ちょっと遅い昼食をたったひとりで、近所のファミリーレストランでとっていた。(あまりにも中途半端にお昼から時間がずれていたので、「一人なの?ファミレスなのに?」と突っ込む誰かさえ見つからなかった。)

 

八宝菜ピラフをほおばりデザートメニューを遠くへ近くへしながら老眼チェックをしていたら、ひそひそ声だった角のパーテーションに区切られた席から突然、普通の会話よりも1トーン大きな声が聞こえた。

 

「いい!?あんたのはね、頑固じゃなく、意固地って言うんだよ!守りたいモノを積極的に守ること、それが頑固。あんたはね、ただ状況が変わるのが怖くて、単にただ何かにしがみついているだけよ!そんなの頑固って言わないわ!状況が変化(そしてそれは必要であるとあなたはもうすでに気づいているはず!)する事で起こる事物を受け止める自信がないだけ、ただそれだけよ!結局、ワイフビーターの息子なんて所詮、ワイフビーターなんだよ!このマニュアル教師!!」

 

茶髪で短いスカートの女子高生がそう言い捨てて勢いよく席を立ち、ドリンクバーにカルピスのお代わりを取りに行く姿が見えた。
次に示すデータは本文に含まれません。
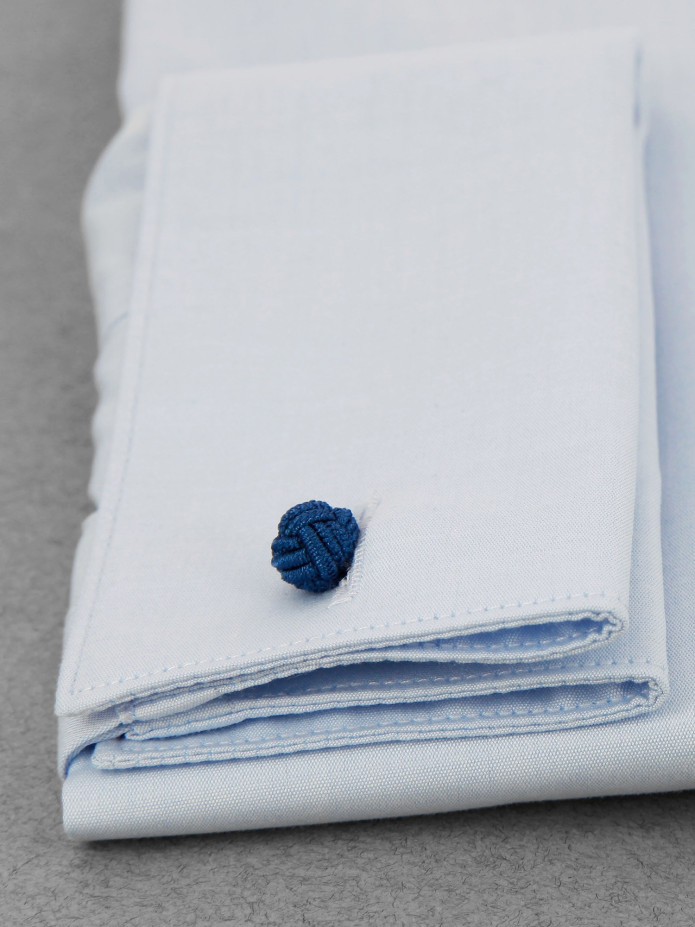 Chemise mousquetaire col anglais mini twill bleu ciel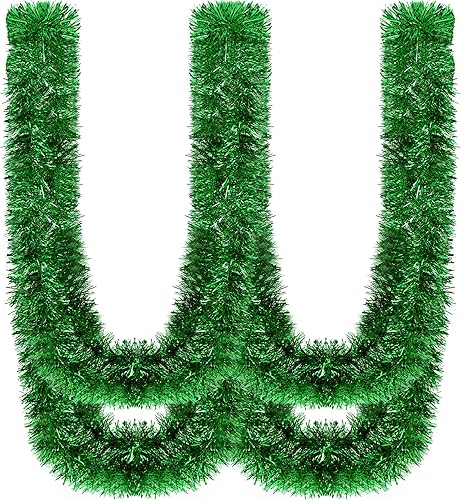 Guirnalda giratoria de oropel de 16.4 pies, guirnalda colgante brillante para árbol de Navidad, suministros de fiesta de cumpleaños, decoración de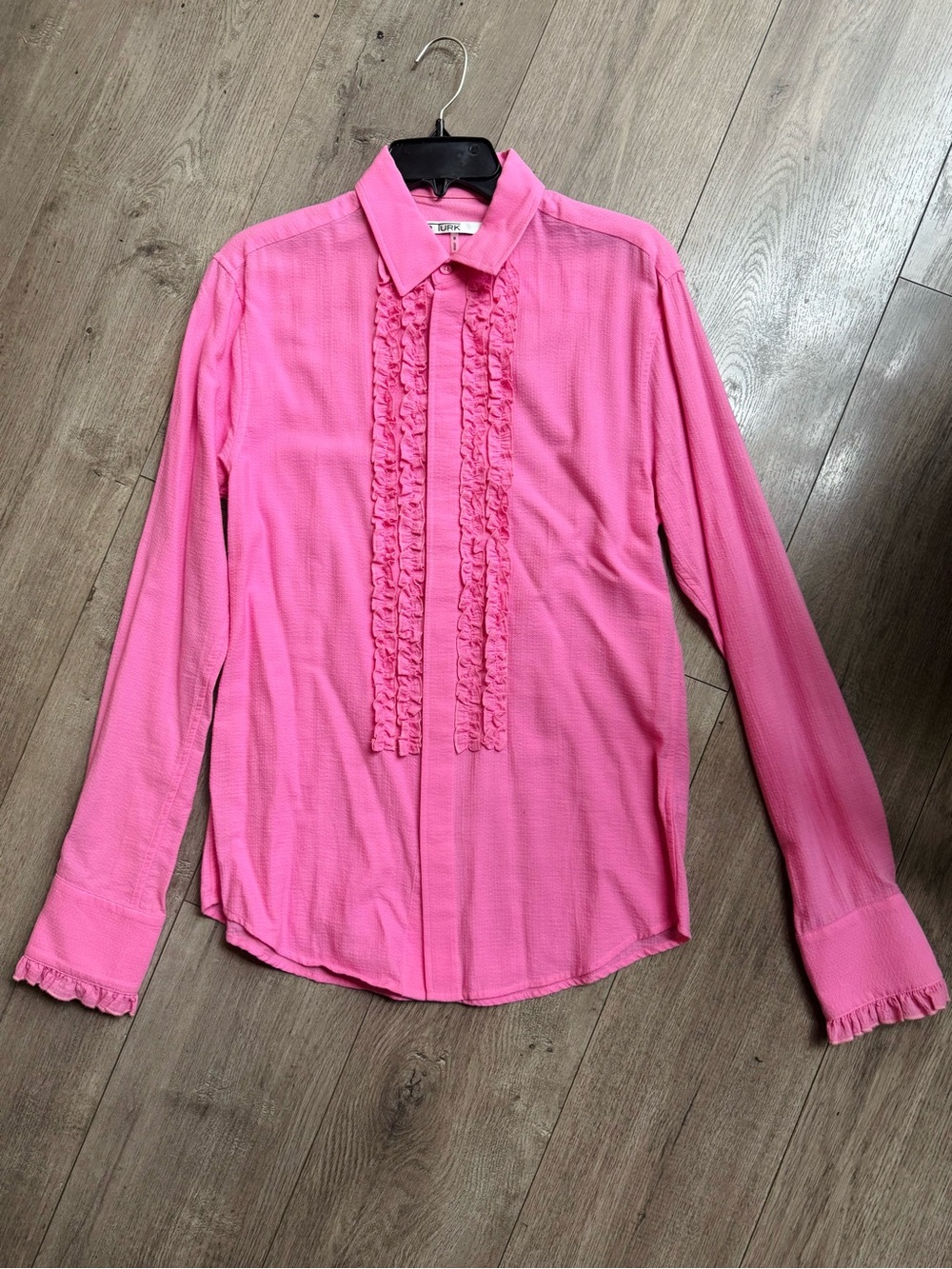 Mr Turk Pink Ruffle Front Button-Up Blouse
きっと「マニュアルなんとか」って言ってみたかったんだろう。

 

店内BGMはジェネシスの「インビジブルタッチ」、オーケストラバージョンだった。

 

後から入ってきて空席を空けた二つとなりのパーテーションの席に座った、中年の男の一人(メガネをかけて、折り目正しいワイシャツを着た清潔感がある方)が、もう一人(さも今たたき起こされて無理矢理急いで着替えさせられたような、上下別なメーカーのジャージを着て寝ぐせ頭にキャップをかぶったような男)に青い顔をして真剣に何事かを相談している。

 

「シャワーを浴びているうちに考えるんですよ、もう仕事なんて行きたくないって。」

「はあー、仕事、行きたくなくなるんだー?」

「髪を洗うときなんて、目をつぶるじゃないですか?」

「うん、目をつぶるー?」

「そうすると一発ですね、もう行きたくなさすぎて死にたくなる。」

「ああ、もうすごく行くのがいやなんだねー?」

 

この時間帯は厨房とホールを兼ねて働いているらしく、呼び出しチャイムが鳴ってもなかなか店員が出てこなかった。「ピンポーン」と虚しくベルだけが鳴る。試しに頭の中でこう言ってからベルを鳴らしてみた。

 

時々死にたくなる。「ピンポーン」

時々身に回りのものが全て嫌になる。「ピンポーン」

デザートにホットケーキをひと

‥言い終わる前に奥から「ただいま参りまーす」と聞こえた。

 

BGMはポリスの「見つめていたい」に変わっていた。